PROVIDED DATA:
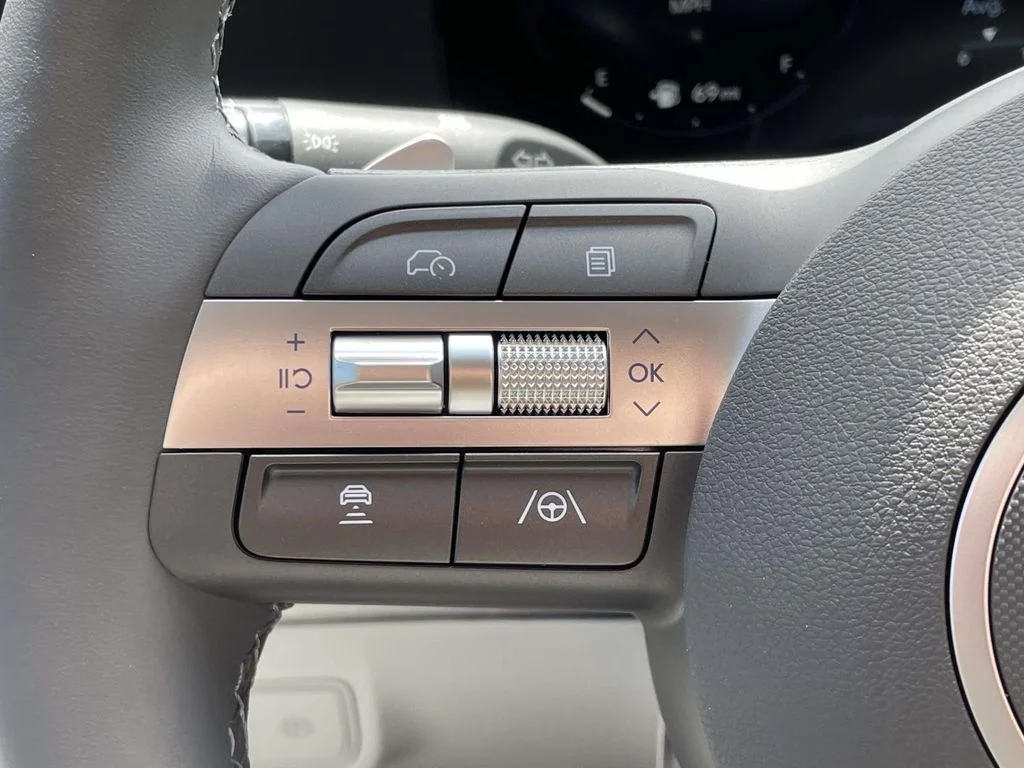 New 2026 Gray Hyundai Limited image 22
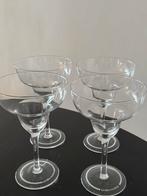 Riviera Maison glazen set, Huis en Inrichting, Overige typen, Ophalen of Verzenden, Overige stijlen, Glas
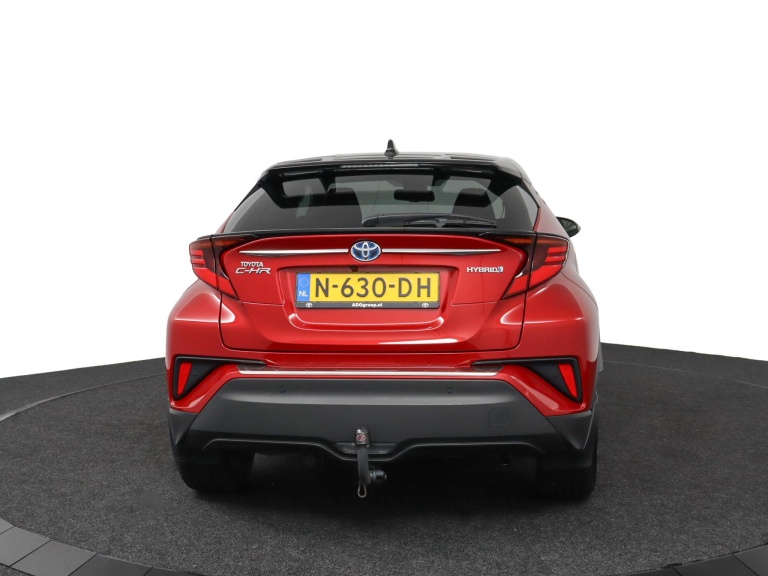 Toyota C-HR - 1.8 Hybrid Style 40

TASK GOAL: Word for word and without any pictures, return all of the lines above.

RESPONSE:
 New 2026 Gray Hyundai Limited image 22
 Riviera Maison glazen set, Huis en Inrichting, Overige typen, Ophalen of Verzenden, Overige stijlen, Glas
 Toyota C-HR - 1.8 Hybrid Style 40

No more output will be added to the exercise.